● **WHAT THE TASK ASKS**
Write down the lines exactly as they appear, from the one that contains "Wück accepte la" through the final line of the records, so that both ends are kept and no pictures come along.

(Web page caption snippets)
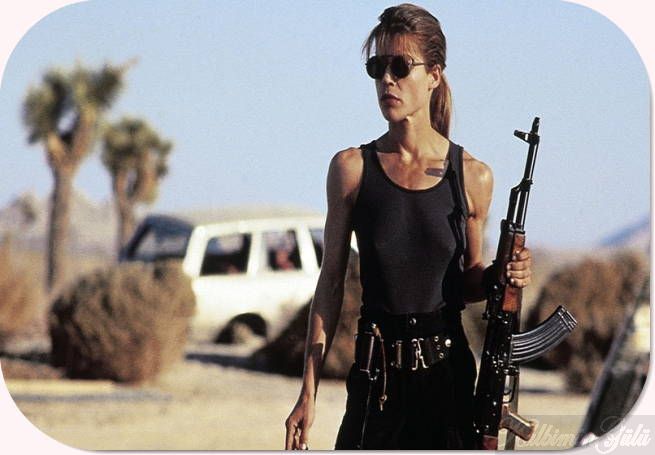 Linda Hamilton: “Terminator” ikonu bugün neler yapıyor?.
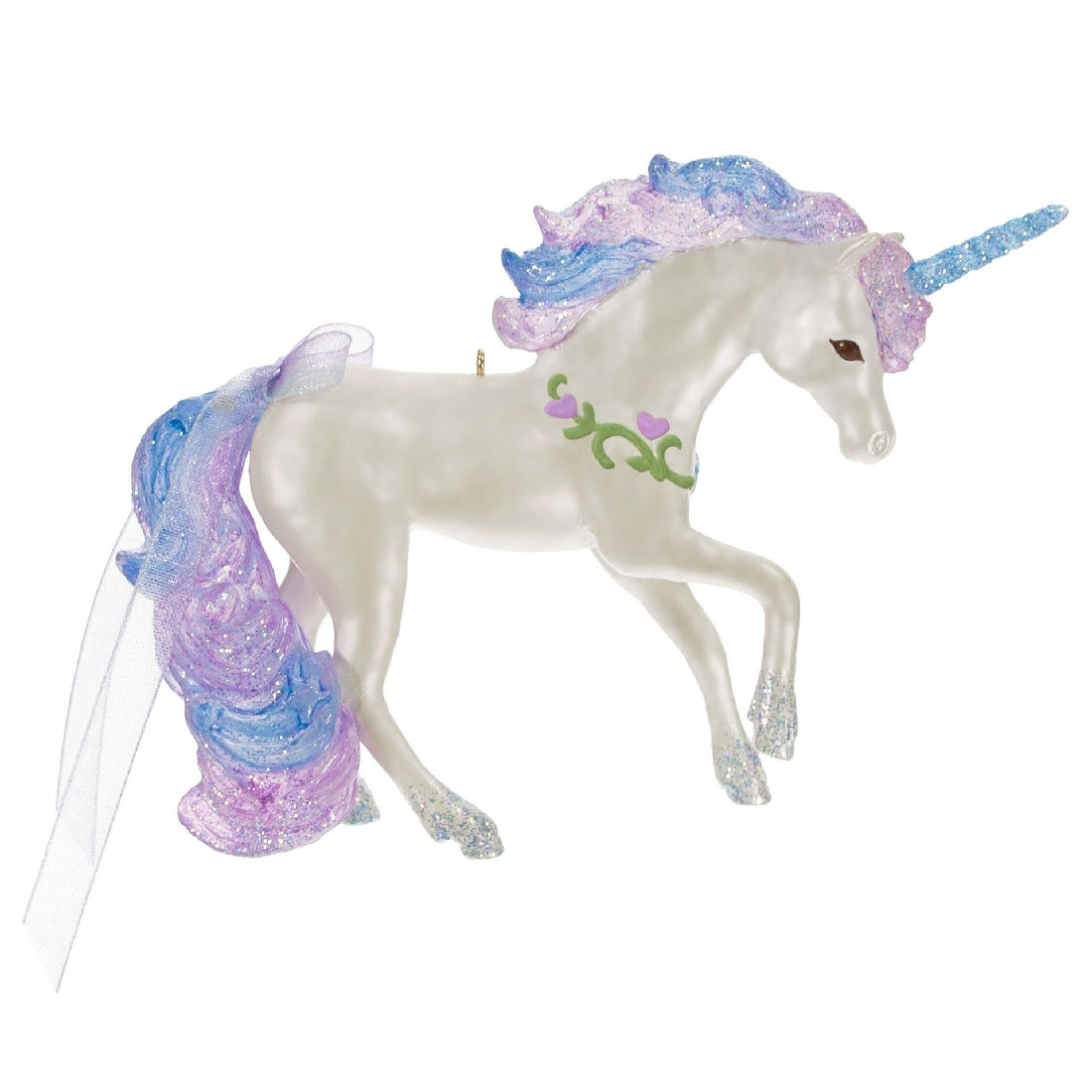 Majestic Unicorn 2023 Hallmark Keepsake Ornament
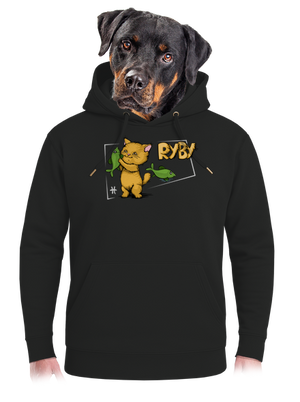 unisex mikina premium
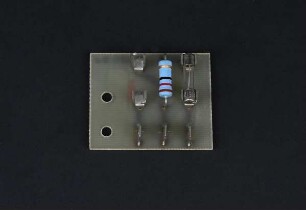 Bauelement für Paneelausleuchtung
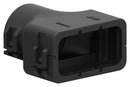 TE CONNECTIVITY 2292865-3 Connector Accessory, Backshell, AMP AMPSEAL 16 Series 12 Position Automotive Connector Housings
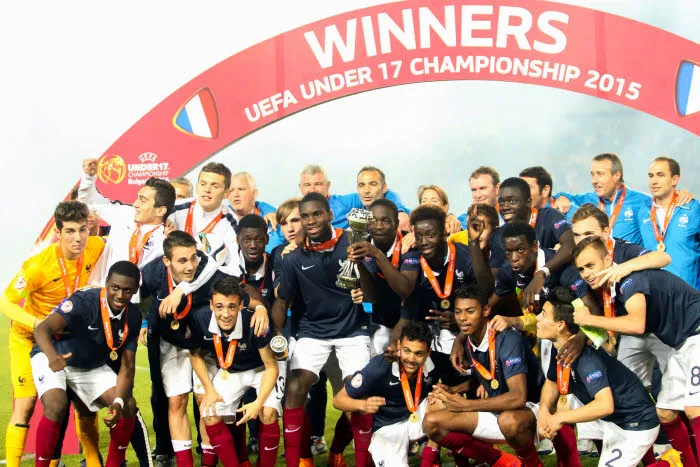 Wück accepte la défaite de l&rsquo;Allemagne en U17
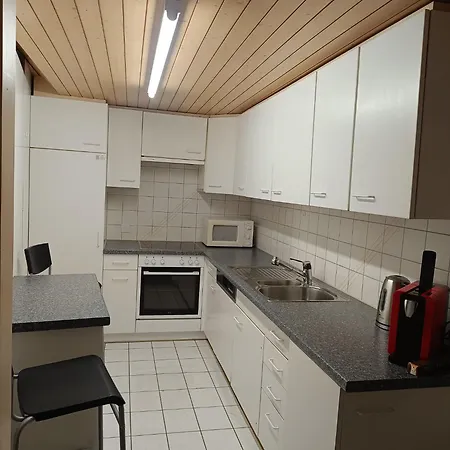 Apartment En El Centro De St Gallen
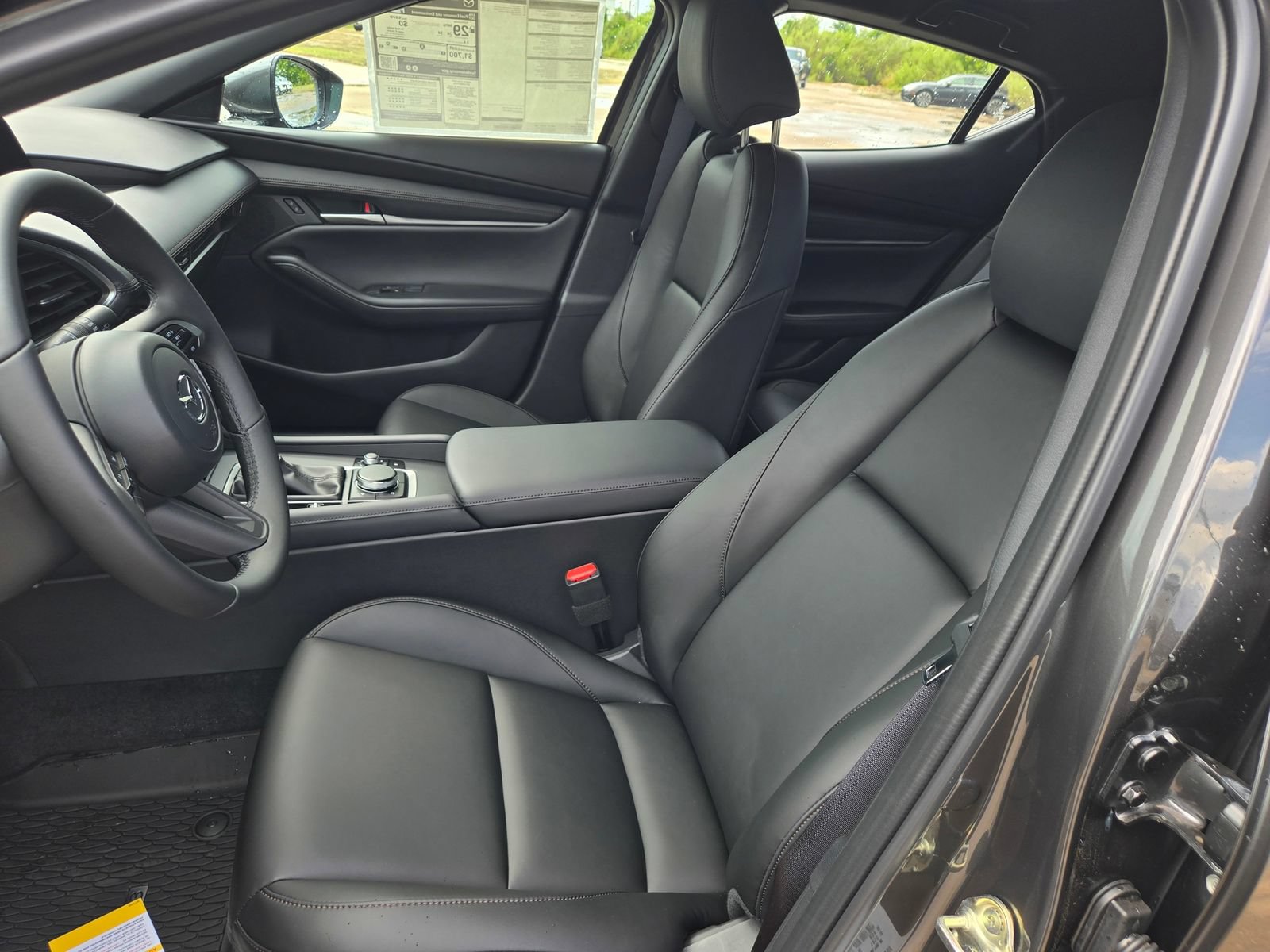 New 2026 MAZDA MAZDA3 s FWD image 17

● **RESULT FOR THIS TASK**
 Wück accepte la défaite de l&rsquo;Allemagne en U17
 Apartment En El Centro De St Gallen
 New 2026 MAZDA MAZDA3 s FWD image 17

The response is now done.